Monday, May 14, 2007

How to Debug Windows Memory Dumps

From time to time, we're faced with the dreaded BSOD, or bugcheck, on a Windows machine. The procedures below guide you through the steps necessary to analyze and debug dump files.

For a downloadable copy of these procedures, click here: How%20To%20Debug%20Memory%20Dumps.doc

  • Download and install the Microsoft Debugging Tools from http://www.microsoft.com/whdc/devtools/debugging/installx86.mspx

  • Go to Start All Programs Debugging Tools For Windows WinDbg

  • Click on File Symbol File Path, enter:
    SRV*c:\symbols*http://msdl.microsoft.com/download/symbols
    and click OK.

  • Click File Save Workspace so that your symbols path is saved for future use.

  • Now locate your memory dumps. Small memory dumps are usually located in %systemroot%\minidump and Kernel memory dumps are located in %systemroot%\MEMORY.DMP.

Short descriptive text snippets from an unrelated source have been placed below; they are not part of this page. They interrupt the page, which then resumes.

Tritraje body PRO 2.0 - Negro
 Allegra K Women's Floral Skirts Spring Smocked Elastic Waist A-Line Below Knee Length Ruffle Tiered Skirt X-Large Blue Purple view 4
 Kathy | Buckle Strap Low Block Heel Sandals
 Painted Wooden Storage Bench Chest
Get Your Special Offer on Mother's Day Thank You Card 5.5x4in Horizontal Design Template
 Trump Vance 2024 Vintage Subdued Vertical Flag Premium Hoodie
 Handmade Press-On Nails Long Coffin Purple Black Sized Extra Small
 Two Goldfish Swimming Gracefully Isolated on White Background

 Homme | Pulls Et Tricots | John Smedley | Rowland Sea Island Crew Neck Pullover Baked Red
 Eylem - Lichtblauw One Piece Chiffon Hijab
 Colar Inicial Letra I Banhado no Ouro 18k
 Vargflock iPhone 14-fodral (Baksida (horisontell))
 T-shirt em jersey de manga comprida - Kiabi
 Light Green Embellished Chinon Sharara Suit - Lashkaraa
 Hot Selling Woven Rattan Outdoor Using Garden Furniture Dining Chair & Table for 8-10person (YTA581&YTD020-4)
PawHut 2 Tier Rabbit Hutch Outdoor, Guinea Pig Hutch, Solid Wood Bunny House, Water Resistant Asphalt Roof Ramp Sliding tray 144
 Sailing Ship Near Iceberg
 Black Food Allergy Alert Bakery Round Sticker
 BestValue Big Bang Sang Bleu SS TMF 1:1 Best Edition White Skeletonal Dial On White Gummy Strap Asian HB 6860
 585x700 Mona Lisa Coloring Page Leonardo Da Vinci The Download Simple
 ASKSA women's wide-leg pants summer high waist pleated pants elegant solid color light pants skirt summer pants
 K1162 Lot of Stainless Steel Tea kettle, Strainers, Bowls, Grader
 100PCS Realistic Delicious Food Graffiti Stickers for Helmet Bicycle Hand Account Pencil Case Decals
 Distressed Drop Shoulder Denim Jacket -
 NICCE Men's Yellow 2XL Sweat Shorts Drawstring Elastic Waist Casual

  • Go to File Open Crash Dump and load the file. You may get a message to save base workspace information. If so, choose No. Now you will get a debugging screen. It may take a little bit to run, since the symbols are downloaded as they are needed. Then you will see information such as:

Microsoft (R) Windows Debugger Version 6.7.0005.0
Copyright (c) Microsoft Corporation. All rights reserved.

Loading Dump File [\\hoem02\c$\windows\MEMORY.DMP]
Kernel Summary Dump File: Only kernel address space is available

Symbol search path is: SRV*c:\symbols*http://msdl.microsoft.com/download/symbols
Executable search path is:
Windows Server 2003 Kernel Version 3790 MP (4 procs) Free x86 compatible
Product: Server, suite: TerminalServer SingleUserTS
Built by: 3790.srv03_gdr.050225-1827
Kernel base = 0xe0b49000 PsLoadedModuleList = 0xe0be66a8
Debug session time: Wed May 9 02:01:49.965 2007 (GMT-7)
System Uptime: 6 days 22:51:23.840
Loading Kernel Symbols
......................................................................................................
Loading User Symbols
PEB is paged out (Peb.Ldr = 7ffff00c). Type ".hh dbgerr001" for details
Loading unloaded module list
..
*******************************************************************************
* *
* Bugcheck Analysis *
* *
*******************************************************************************

Use !analyze -v to get detailed debugging information.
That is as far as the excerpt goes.